▶ _Your objective_:
Return only the lines of the data below from the line with "A silver cased" up to and including the line with "Antique metal lanterns", exactly as written, with the pictures omitted.

START Extracted records

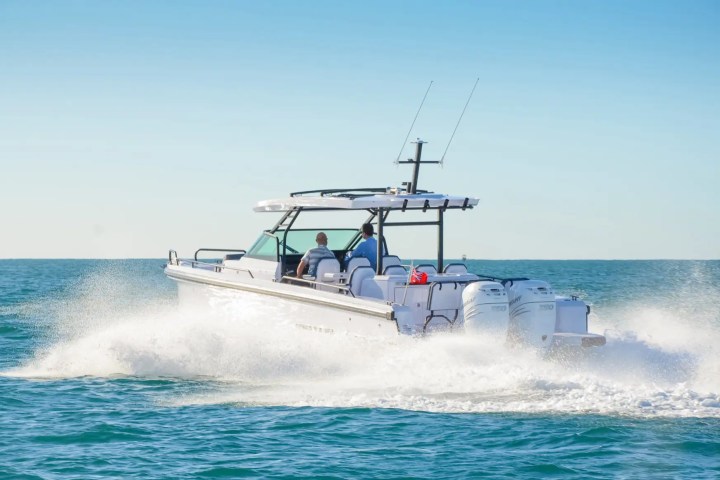 A motorboat speeding across the ocean under a clear blue sky.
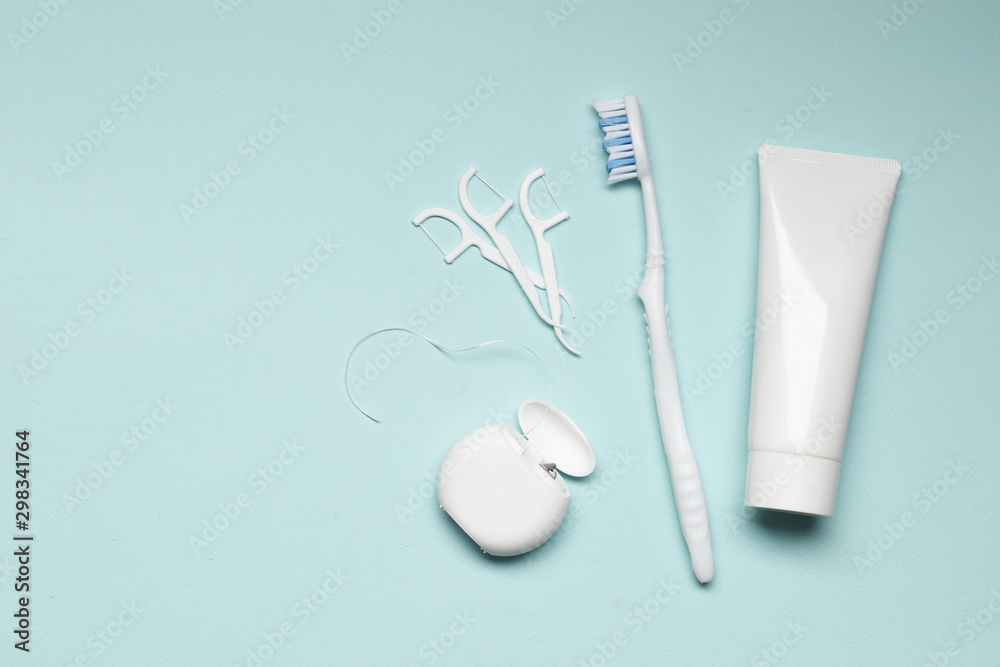 toothbrushes, toothpaste, dental floss on blue background. Dental care toothbrushes, toothpaste, dental floss on blue background. Dental care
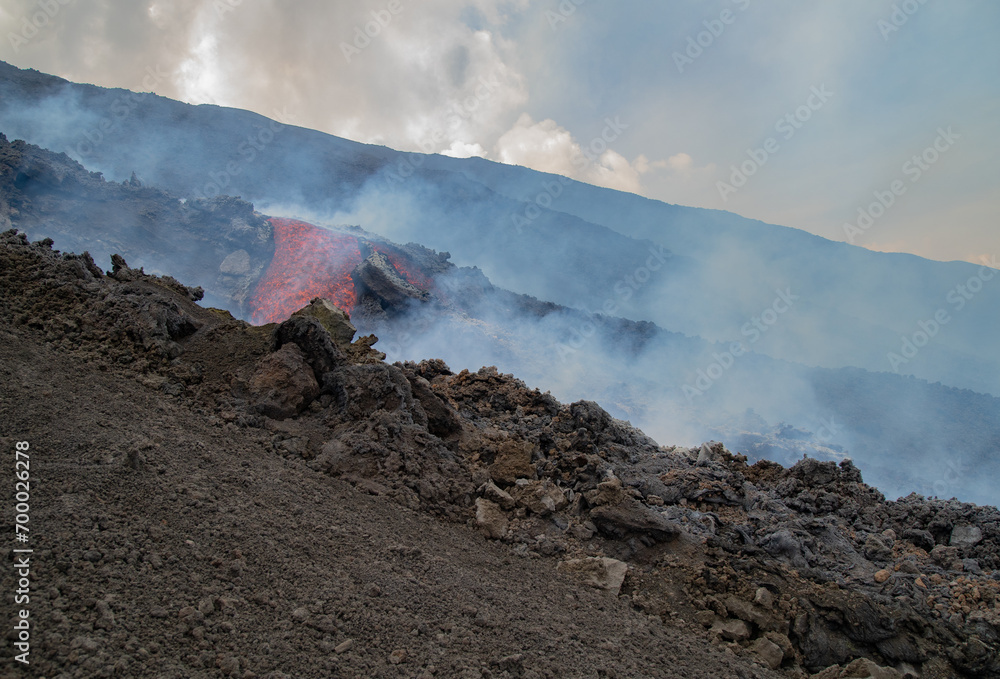 Eruptive vent with lava emis at the top of the Etna volcano
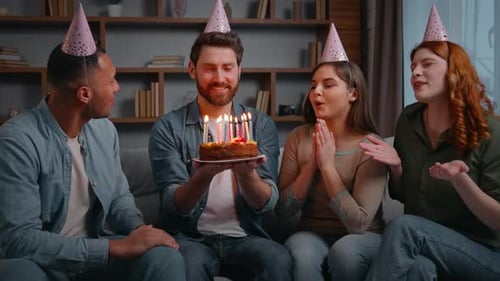 Friends Celebrate Birthday with Cake and Party Hats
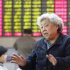 A woman chats with her fellow investor at a private securities company Tuesday, March 12, 2013 in Shanghai, China. Asian stock markets dropped Tuesday, dragged down by new worries about China's recovery and Europe's doldrums. (AP Photo)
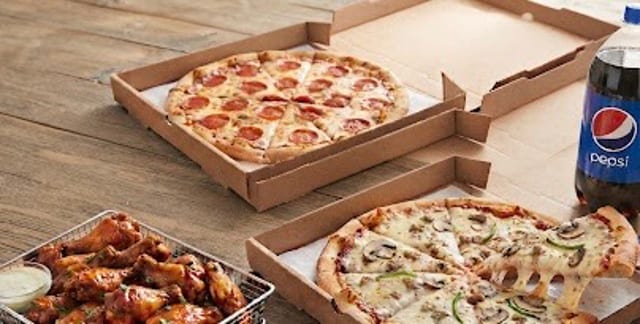 Family Bundle - 2 Large Pizzas, 12 Wings & 2 Liter Soda.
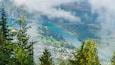A mountainous landscape with a lake, forested areas, and a small town.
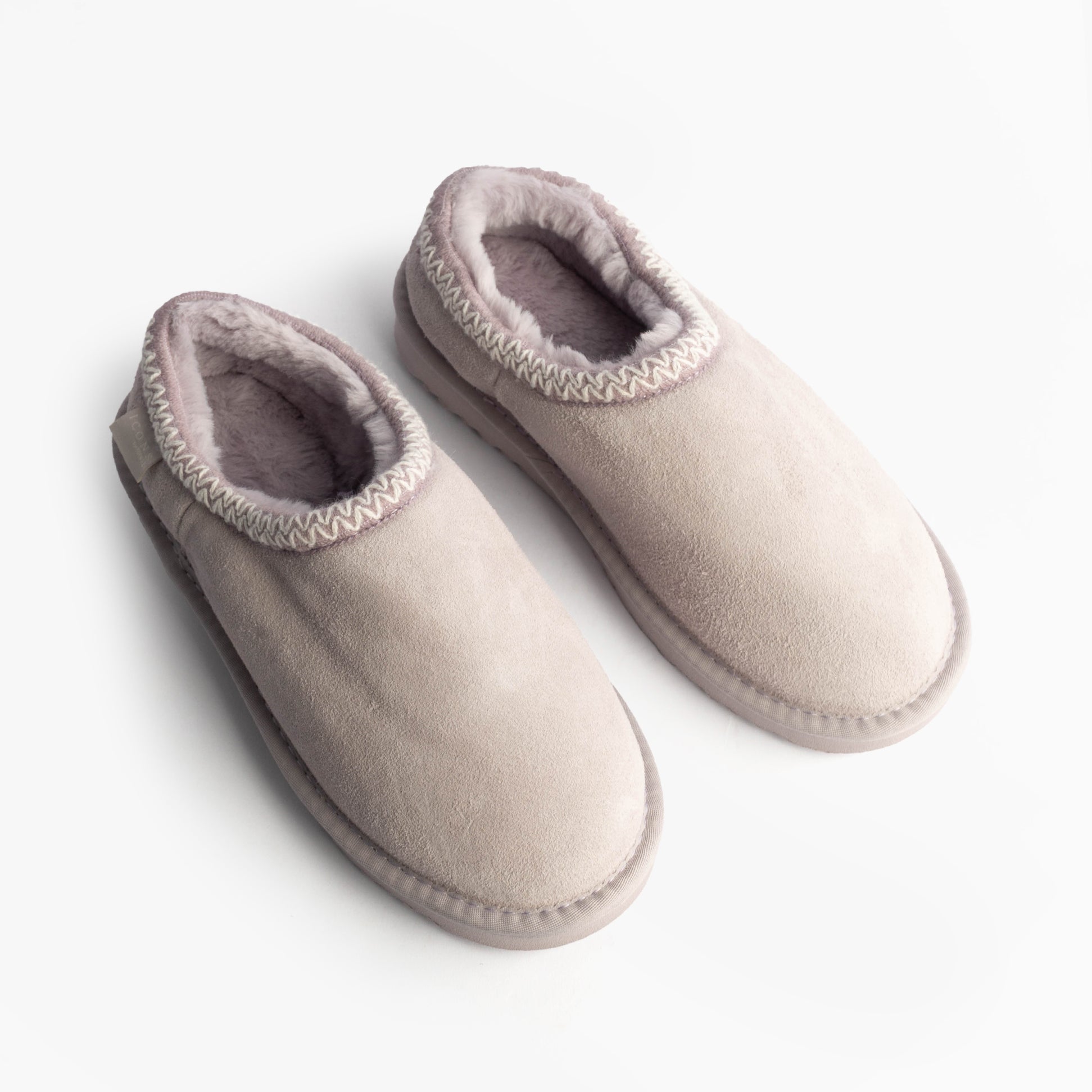 Totes Toasties ICONS SUEDE Shoot Slippers Womens Lilac top view showing suede material and soft lining.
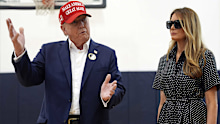 Republican presidential nominee former President Donald Trump speaks as former first lady Melania Trump listens after they voted on Election Day at the Morton and Barbara Mandel Recreation Center, Tuesday, Nov. 5, 2024, in Palm Beach, Floria.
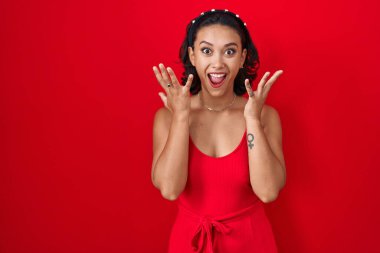 Young hispanic woman standing over red background celebrating crazy and amazed for success with arms raised and open eyes screaming excited. winner concept 
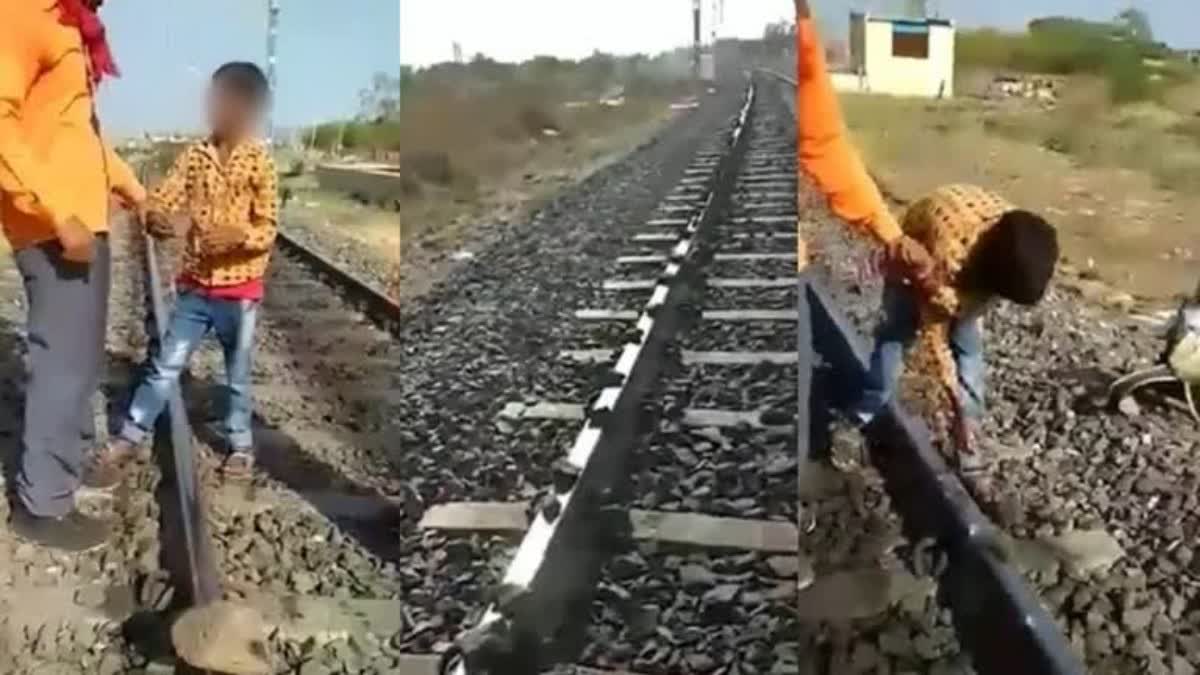 child placing stone on railway track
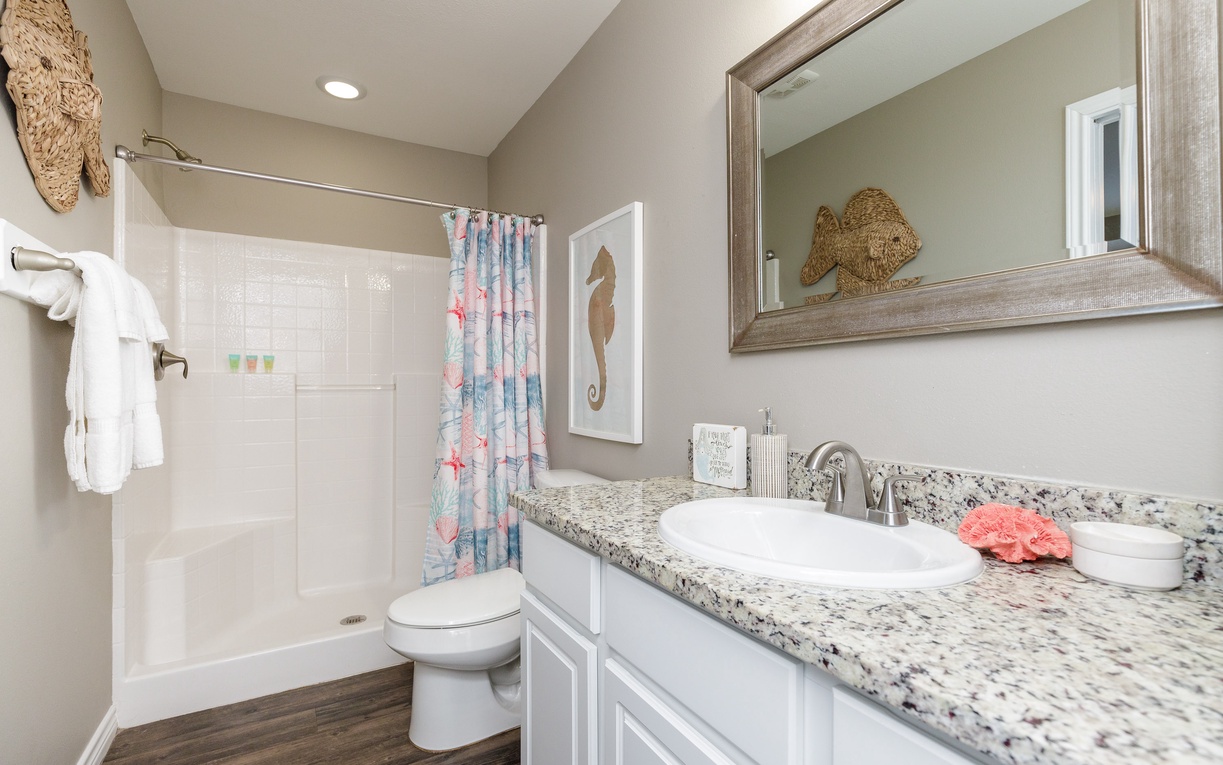Step into your coastal-themed bathroom with granite countertops, spacious shower, and charming nautical touches that make daily routines feel like a seaside retreat.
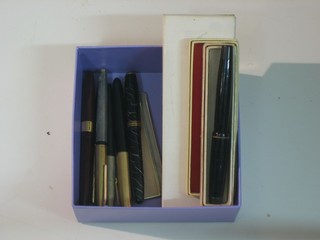A silver cased comb and a collection of fountain pens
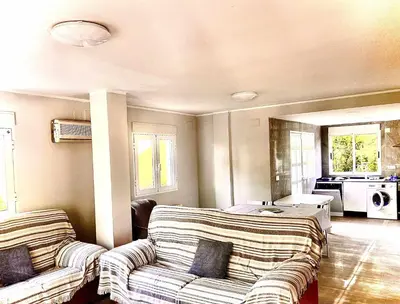 a living room with two couches and a kitchen at Casa Las Emilias en La Cañada in Partida de La Cañada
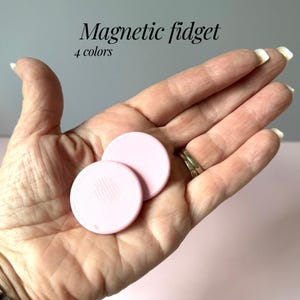 Puede incluir: Dos juguetes magnéticos fidget de color rosa claro se sostienen en una mano. Los juguetes son redondos y tienen una superficie texturizada. El texto "Magnetic fidget" y "4 colores" está en la imagen.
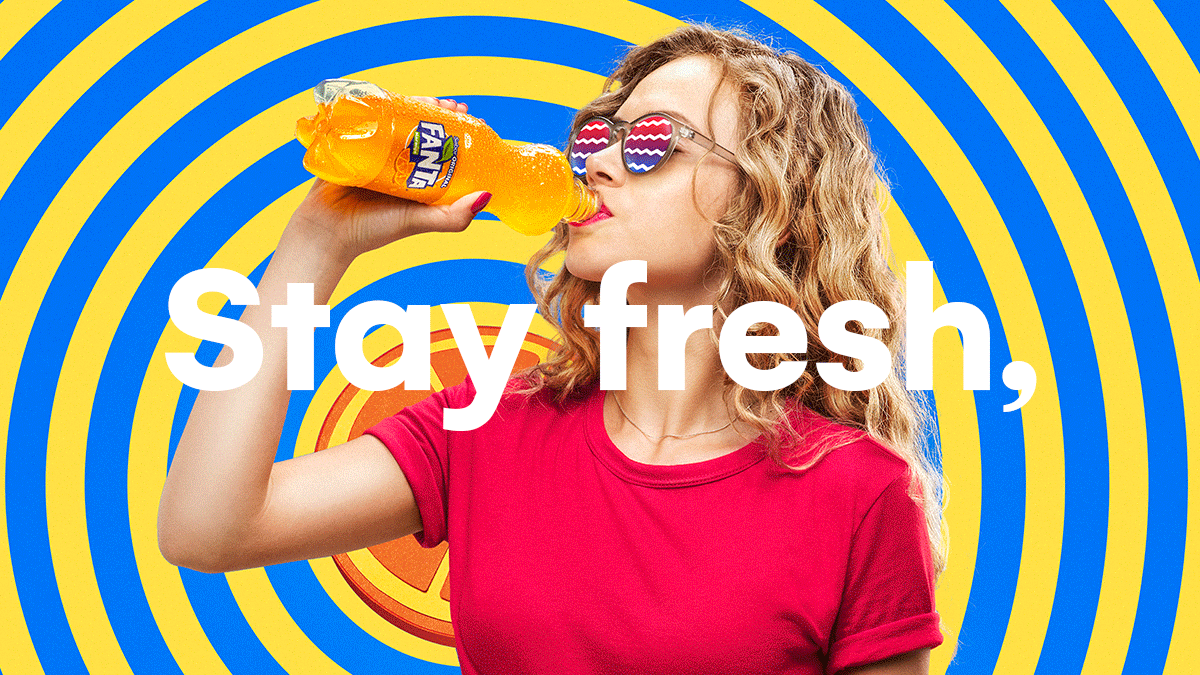 A woman with curly blonde hair wearing sunglasses and a red shirt is drinking orange soda from a Fanta bottle against a colorful swirl background with the words "Stay fresh," overlaid.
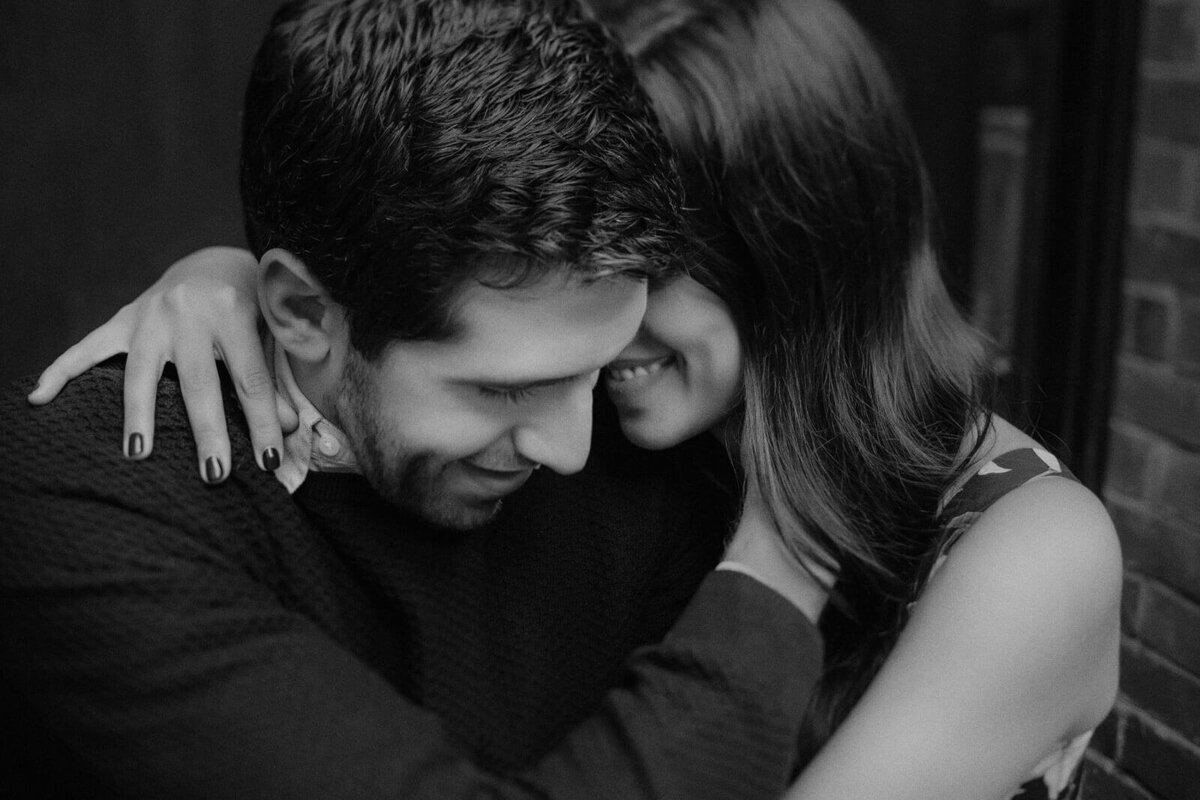 The fiancée is lovingly hugging her fiancé sideways while smiling, in West Village, Manhattan, NYC. Image by Jenny Fu Studio.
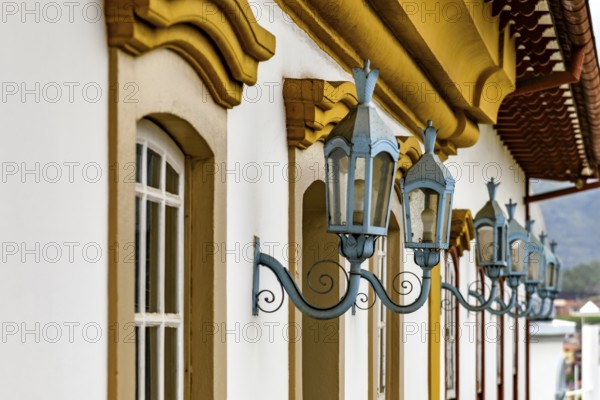 Antique metal lanterns decorating the facade of a historic colonial-style house in the city of Ouro Preto, Ouro Preto, Minas Gerais, Brazil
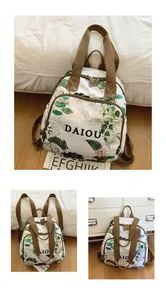 Close-up of white floral backpack with green leaf prints and brown woven straps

END Extracted records

▶ _Answer to this exercise_:
A silver cased comb and a collection of fountain pens
 a living room with two couches and a kitchen at Casa Las Emilias en La Cañada in Partida de La Cañada
 Puede incluir: Dos juguetes magnéticos fidget de color rosa claro se sostienen en una mano. Los juguetes son redondos y tienen una superficie texturizada. El texto "Magnetic fidget" y "4 colores" está en la imagen.
 A woman with curly blonde hair wearing sunglasses and a red shirt is drinking orange soda from a Fanta bottle against a colorful swirl background with the words "Stay fresh," overlaid.
 The fiancée is lovingly hugging her fiancé sideways while smiling, in West Village, Manhattan, NYC. Image by Jenny Fu Studio.
 Antique metal lanterns decorating the facade of a historic colonial-style house in the city of Ouro Preto, Ouro Preto, Minas Gerais, Brazil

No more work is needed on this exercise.